I did 4 tests across a 200MHz frequency range measuring return loss:

• The standard biconic config with all elements in place.
• Removing the shorting elements.  On my antenna, these just clip into place.
• No.2 and removing the centre element that is along the axis of the antenna.
• No. 3 and me standing `2m away.  I noticed that if I stood about about 2m (1.9M = half wavelength at 80MHz), the return loss jumped significantly.

Conclusions are that the shorting and centre elements help reduce the natural resonant frequency of a finite sized biconic antenna.
The enhanced return loss when the antenna is 1/2 wavelengths from a conductor are relevant to 2x antenna calibration.  If the antenna are placed at about 2m apart, the frequency response will be significantly affected around 80MHz.

[tautech]

Dazz, I don't remember if with your analyzer you can select a Marker with a Continuous valley Peak ?
They can be very useful when testing antennae.
Marker 2 can be set to the desired resonance to see the difference.

[dazz1]

Hi
I haven't looked too hard at the Marker functions but I will.

Today I tested the return loss with a somewhat better setup.  I call it my home OATS.  I supported the antenna on my EMC rated clothes basket (means the basket is now ten times more $ valuable  $), and then put that on top of my front fence.    I had some crappy RG58 coax to connect to my balanced bridge and spectrum analyser.    I don't have enough cable to do a back to back antenna calibration.  I did have enough to measure the return loss.

In this fence top position, the antenna was a reasonable distance from the nearest reflectors.   That included aluminium window frames, internal wall house wiring, steel roof etc.  My home OATS is a long way from a real OATS.

I recorded the return loss of the antenna out to 1GHz when mounted on the EMC rated basket.  The unedited plot includes lots of periodic response that I interpret as reflections along the cable.  With a non-zero VSWR, reflections along the coax cable are reasonable to expect.  My DIY balanced bridge has proved to be useful but somewhat untrustworthy as the frequency rises.  The first plot shows lots of peaks and dips at about 850MHz. I can't be certain if this is the antenna, antenna coax reflections, or reflections between the spectrum analyser and the balanced bridge.   

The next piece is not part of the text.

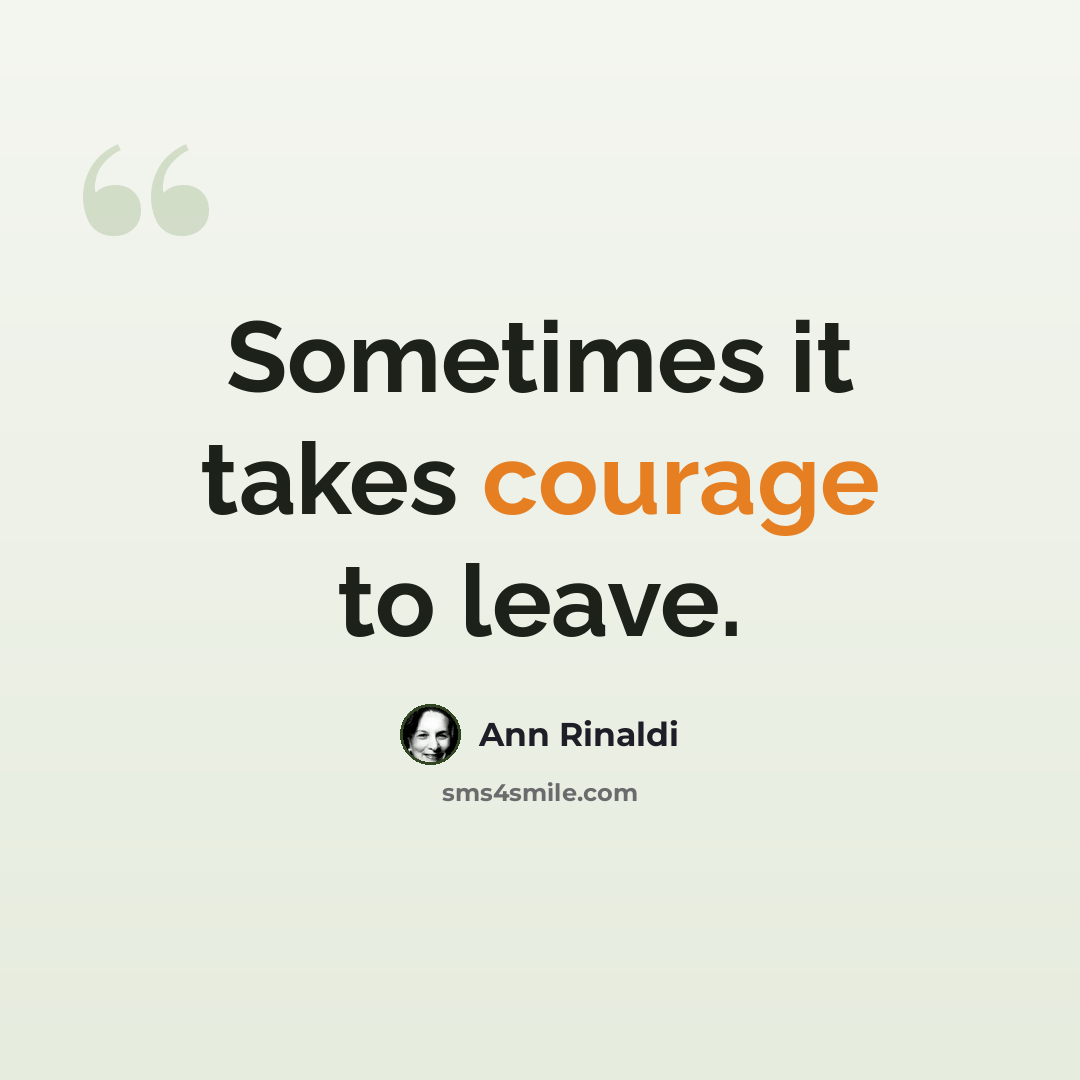 “Sometimes it takes courage to leave.” quote by Ann Rinaldi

The second plot includes a hand drawn red line that I think represents the actual return loss of the antenna.  If this is reasonably accurate then the antenna VSWR is reasonably flat from 100MHz to about 600MHz.  With compensation, it looks to be usable up to 1GHz.  I haven't tested beyond 1GHz because I wouldn't trust my balanced bridge.   I am looking at making a new and better DIY balanced RF bridge shown here:  http://www.dicks-website.eu/return%20loss%20bridge_part1/part1.html  The plan is to make it so it fits directly to the Siglent Spectrum Analyser. 

So the results from testing in my front yard OATS are positive.    I suspect the results would be even better with improved sensors. 

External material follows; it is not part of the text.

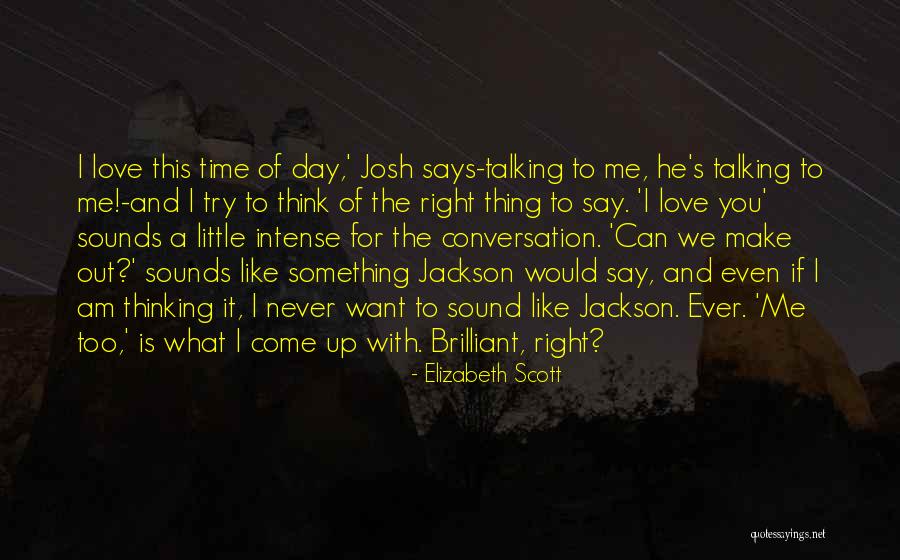 If You Want To Say Something Quotes By Elizabeth Scott If You Want To Say Something Quotes By Elizabeth Scott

I still plan to do two antenna calibration and I also want to measure the beam pattern.  The balun had 5% imbalance and I want to know by how much this distorts the beam.

In the mean time I have started to design a non-conductive antenna stand/tripod.

[tautech]

That's a fine 84 MHz antenna. 
Rather than need to get the red pen out, engaging some Averaging might help. 

[dazz1]

Hi
I will try the averaging feature, but my understanding is that averaging smooths noisy time variant signals.

For comparison, attached is the VSWR of a commercial biconic antenna.    Note the chart for this only goes to 300MHz.
I think it would be reasonable to say that my biconic antenna displays significantly better performance over a  much wider frequency range.